# EXERCISE REQUIREMENTS
Your reply should restate the lines from the top of the entries through the line containing "There are two" word for word, with no pictures.

# INPUT DATA
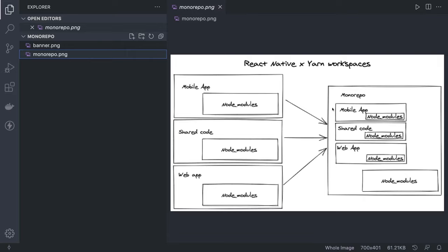From the image, the old approach had a mobile app, shared code, and web app all with separate node_modules, separate dependencies, and separate repositories. Now, with a monorepo — a multi-repository structure — all mobile app, shared code, and web app are inside the same root. The Lerna root has node_modules and every project can have its own node_modules, but the big benefit is reusability: your web app can use shared TypeScript typings, your mobile app in React Native can use the same, and your Next.js web app can also share the same typings and packages.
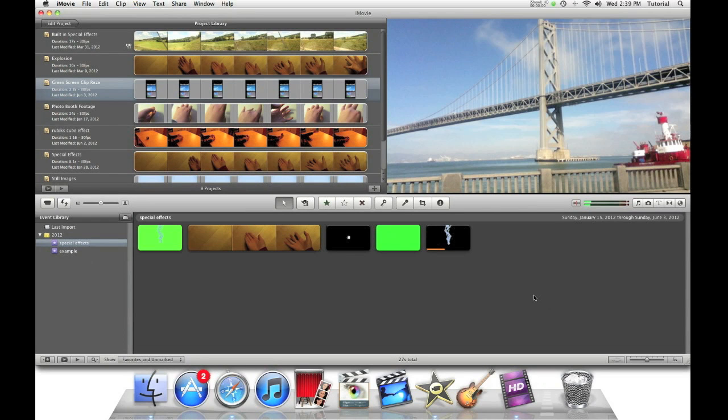Hey guys, this is iMovieHowTo showing you iMovie tutorials. Today I'll be showing you how you can apply fog to any video clip.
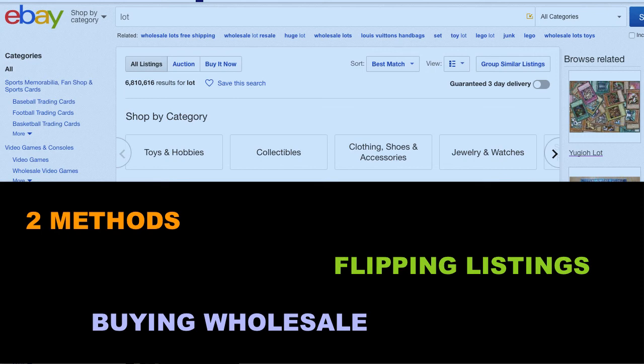There are two ways to go about this. The first way, the simple way, is to buy the actual lot, break it down into different pieces, and resell them individually. This involves more risk because you're actually buying the product. The second way is to take the whole listing and post it on your own eBay store or auction. This also involves risk because if somebody finds out you're flipping the listing, they'll report you. So you've got to be super careful.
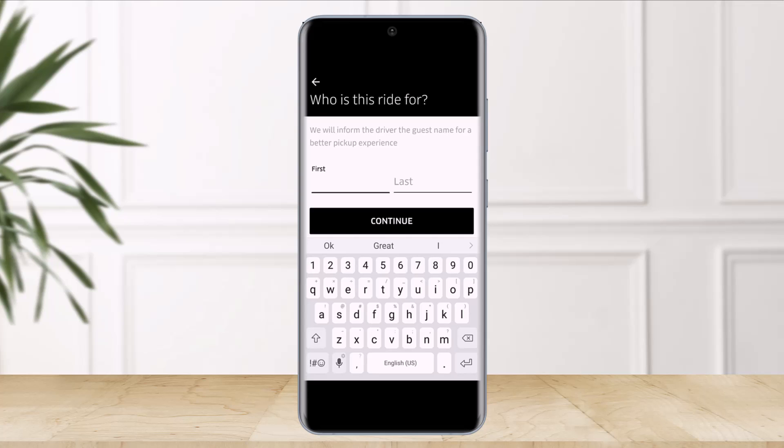A new window appears explaining the terms and conditions of this feature, so ensure that you read everything and tap on 'Accept.' In the new form that appears, fill in your friend's first and last name, then tap on 'Continue.' The Uber app now has your friend's phone number and full name. The Uber driver also sees the information that you enter, so ensure that you enter everything correctly.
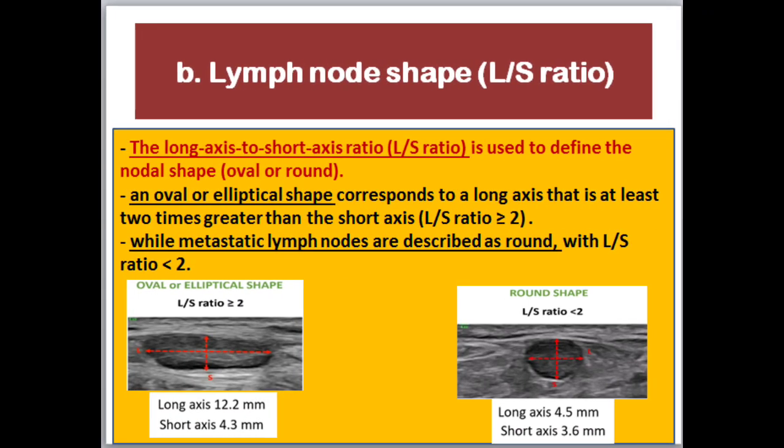Lymph node shape: The long axis to short axis ratio, L:S ratio, also known as the length-depth ratio, is used to define the nodal shape — oval or rounded — quantitatively. An oval or elliptical shape corresponds to a long axis at least two times greater than the short axis, or L:S ratio more than two, while metastatic lymph nodes are described as round with L:S ratio less than two.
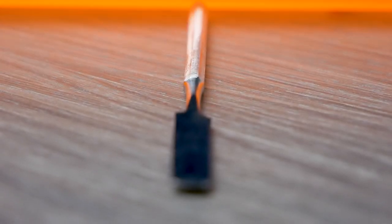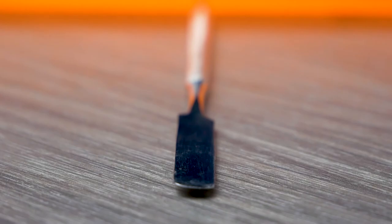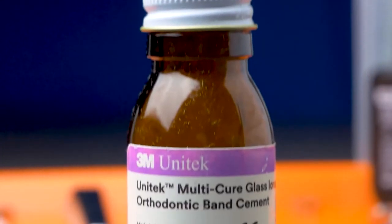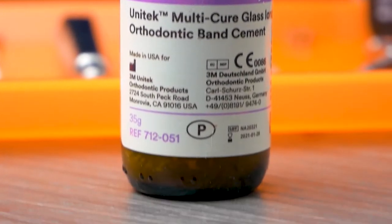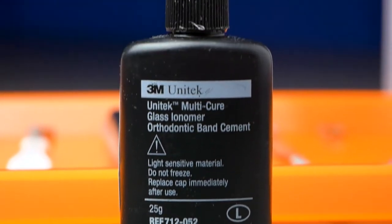The mixing spatula is used to mix the cement that is used to hold the band. This cement is called glass ionomer mixing cement. It is a combination of liquid and powder that is mixed by the doctor. It takes about 15 seconds for the cement to be created.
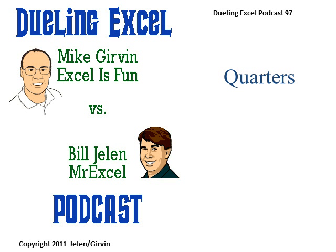Hey, welcome back. It's another Dueling Excel podcast. I'm Bill Jelen from MrExcel. I'll be joined by Mike Girvin from Excel is Fun. This is our episode 97, Quarters.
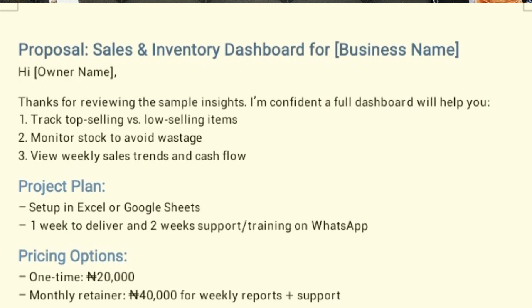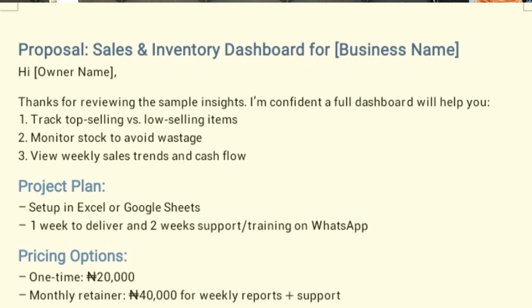For the project plan, state whether you'll be setting up in Excel or Google Sheets — agree on this during discussion. For most business owners it's usually Excel. Then outline the timeline: for example, one week to deliver the template and two weeks of support and training on WhatsApp. If you're building an Excel template for them, that's one week to deliver, and then two weeks to support and teach their workers how to use it.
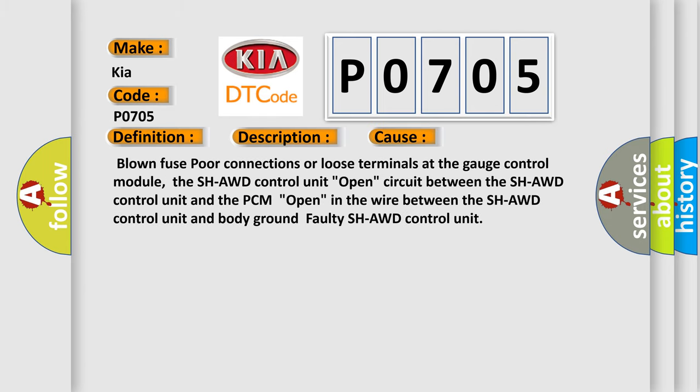Blown fuse, poor connections or loose terminals at the gauge control module, the SH-AWD control unit, open circuit between the SH-AWD control unit and the PCM, open in the wire between the SH-AWD control unit and body ground, faulty SH-AWD control unit. The Airbag Reset website aims to provide information in 52 languages.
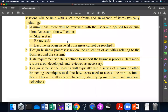In other words, design screens — there are typically a series of menus or other branching techniques. How can users access different financials? Normally, it can be shown in menus and sub-menus.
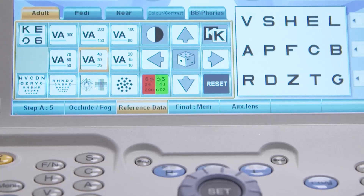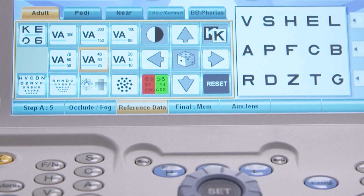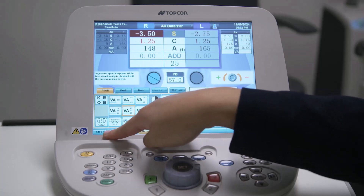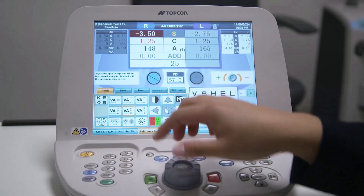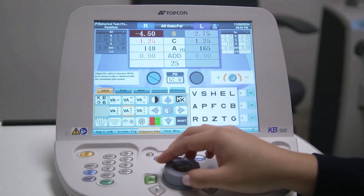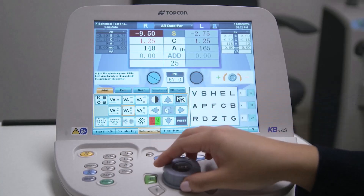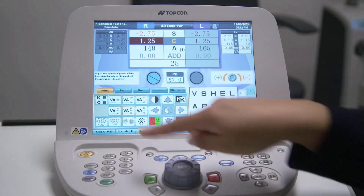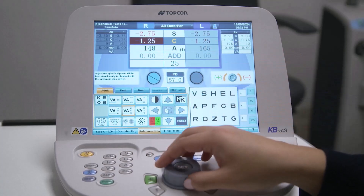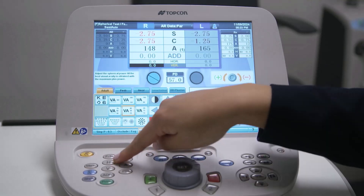The function bar is at the very bottom of the screen. The functions displayed change according to the test being performed; however, these are the most commonly displayed buttons. Starting from the left is the step size adjustment, which alters the increments by which a particular value changes as the dial is turned. You can change the step size for sphere, cylinder power, cylinder axis, and prism.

# RESPONSE TO THIS TASK
From the image, the old approach had a mobile app, shared code, and web app all with separate node_modules, separate dependencies, and separate repositories. Now, with a monorepo — a multi-repository structure — all mobile app, shared code, and web app are inside the same root. The Lerna root has node_modules and every project can have its own node_modules, but the big benefit is reusability: your web app can use shared TypeScript typings, your mobile app in React Native can use the same, and your Next.js web app can also share the same typings and packages.
Hey guys, this is iMovieHowTo showing you iMovie tutorials. Today I'll be showing you how you can apply fog to any video clip.
There are two ways to go about this. The first way, the simple way, is to buy the actual lot, break it down into different pieces, and resell them individually. This involves more risk because you're actually buying the product. The second way is to take the whole listing and post it on your own eBay store or auction. This also involves risk because if somebody finds out you're flipping the listing, they'll report you. So you've got to be super careful.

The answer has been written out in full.